#### What the exercise asks:
Images excepted, the data below must be repeated exactly.

#### Provided entries:
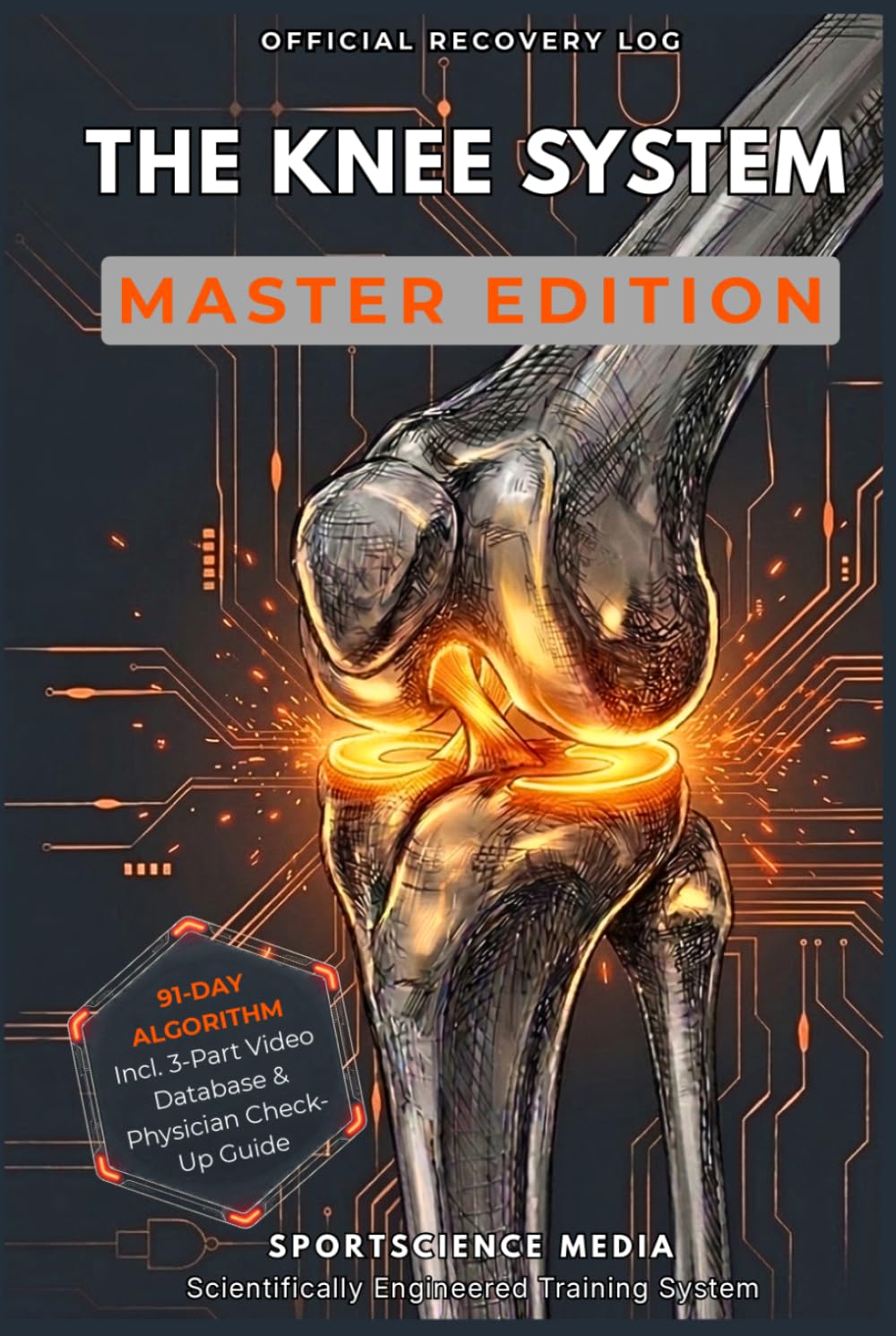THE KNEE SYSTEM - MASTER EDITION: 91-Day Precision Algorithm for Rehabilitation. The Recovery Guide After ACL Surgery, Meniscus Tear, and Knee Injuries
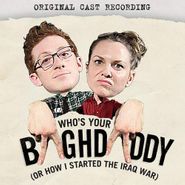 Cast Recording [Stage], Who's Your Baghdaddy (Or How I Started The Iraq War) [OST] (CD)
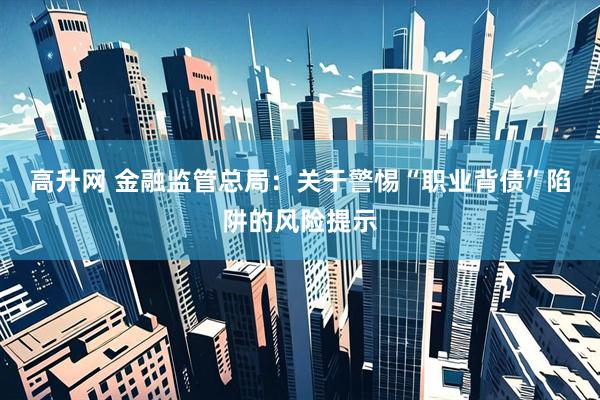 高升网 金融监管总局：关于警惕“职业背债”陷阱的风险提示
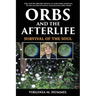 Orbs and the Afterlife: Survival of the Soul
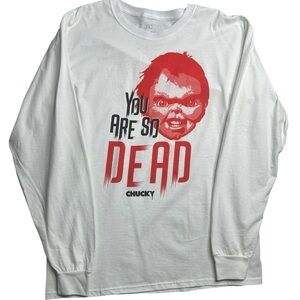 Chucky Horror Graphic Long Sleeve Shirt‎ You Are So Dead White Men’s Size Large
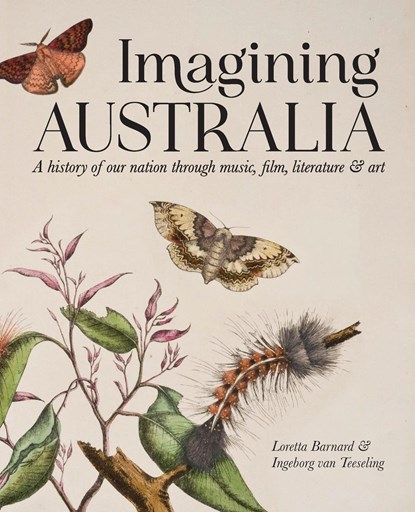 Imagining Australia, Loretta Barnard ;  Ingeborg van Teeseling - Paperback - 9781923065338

#### Response to this task:
THE KNEE SYSTEM - MASTER EDITION: 91-Day Precision Algorithm for Rehabilitation. The Recovery Guide After ACL Surgery, Meniscus Tear, and Knee Injuries
 Cast Recording [Stage], Who's Your Baghdaddy (Or How I Started The Iraq War) [OST] (CD)
 高升网 金融监管总局：关于警惕“职业背债”陷阱的风险提示
 Orbs and the Afterlife: Survival of the Soul
 Chucky Horror Graphic Long Sleeve Shirt‎ You Are So Dead White Men’s Size Large
 Imagining Australia, Loretta Barnard ;  Ingeborg van Teeseling - Paperback - 9781923065338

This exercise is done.